With the headers people can still continue to use code as data (even though it is a bad idea) by either (a) not using the EVM header bytes as the first 4 bytes of their data, which can be tricky if storing user data or (b) prefixing their data with the header byte and immediately going to the BEGINDATA opcode, then adding their data.

holiman · January 10, 2020, 2:54pm

I think you misunderstood me on that call. I was talking about a CREATE call, within a tx. The CREATE passed along a 1-meg memory segment containing mainly jumpdests. After the create failed, it flipped a byte in memory, and called CREATE again, over and over.
So does this thing validate initcode or not?

shemnon · January 10, 2020, 4:49pm

In this case I would expect the max code size check to run first and the create would fail because the code is > 24Kib.
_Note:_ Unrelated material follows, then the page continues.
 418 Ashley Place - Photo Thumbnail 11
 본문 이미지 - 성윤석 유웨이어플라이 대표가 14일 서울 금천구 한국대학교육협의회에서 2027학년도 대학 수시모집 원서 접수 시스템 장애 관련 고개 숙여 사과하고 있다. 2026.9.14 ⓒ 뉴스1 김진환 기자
So it wold be an implementation detail, would it be worth noting in the EIP that code validation should be one of the last validations, after easier checks like balance and code size?
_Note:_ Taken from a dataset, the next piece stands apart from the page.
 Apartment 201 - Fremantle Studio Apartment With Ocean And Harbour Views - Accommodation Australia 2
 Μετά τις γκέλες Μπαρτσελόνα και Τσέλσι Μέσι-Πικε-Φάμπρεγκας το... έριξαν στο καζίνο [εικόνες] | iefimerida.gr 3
holiman · January 11, 2020, 9:51am

I must be realy lousy at explaining myself… There’s a misunderstanding here, I think it’s one of these two:

You maybe think I am talking about the code that the initcode (CREATE-call) returns, the code-to-be-deployed. I am not, I’m talking about the execution of initcode.
You may think there’s a limit on the initcode? There is not, the initcode is arbitrary length, so the caller expands memory to e.g. 1 Mb once, and is then free to use that for CREATE ops arbitrary many times, at no extra cost-per-byte.

So, my concern/question is basically if there’s any situation where we have to do on-the-fly validation of initcode.

shemnon · January 15, 2020, 6:18pm

Regardless of how it gets in I’m thinking we do want to provide some size limitations. There are other ecosystem uses of EVM that may be depending on the size limitations that are not subject to mainnet paths.

What I’m thinking is adding in that the code segment be subject to the contract code size limit introduced in Spurious Dragon (EIP170). By code segment I mean all data from the start to the BEGINDATA opcode must be less than 24KiB for mainnet, and whatever contract size limits other chains define. This still allows for large amounts of data (zksnarks and such) to be crammed into the transacitons, they just wouldn’t be in code.

What I would need to gather data on is how the large TXes currently do this, and it could have a gas impact as well but again they would need to opt into validation.

shemnon · January 21, 2020, 4:33pm

I’ve added some updates to the EIP in the PR here.

Two main changes:

Add a contract code size limit check to the ‘code segment’
Settle on '0xefevm' as the header bytes ([0xef, 0x65, 0x76, 0x6d]) and PC=4 start

I would like to discuss this at the next All Core Devs call (#79).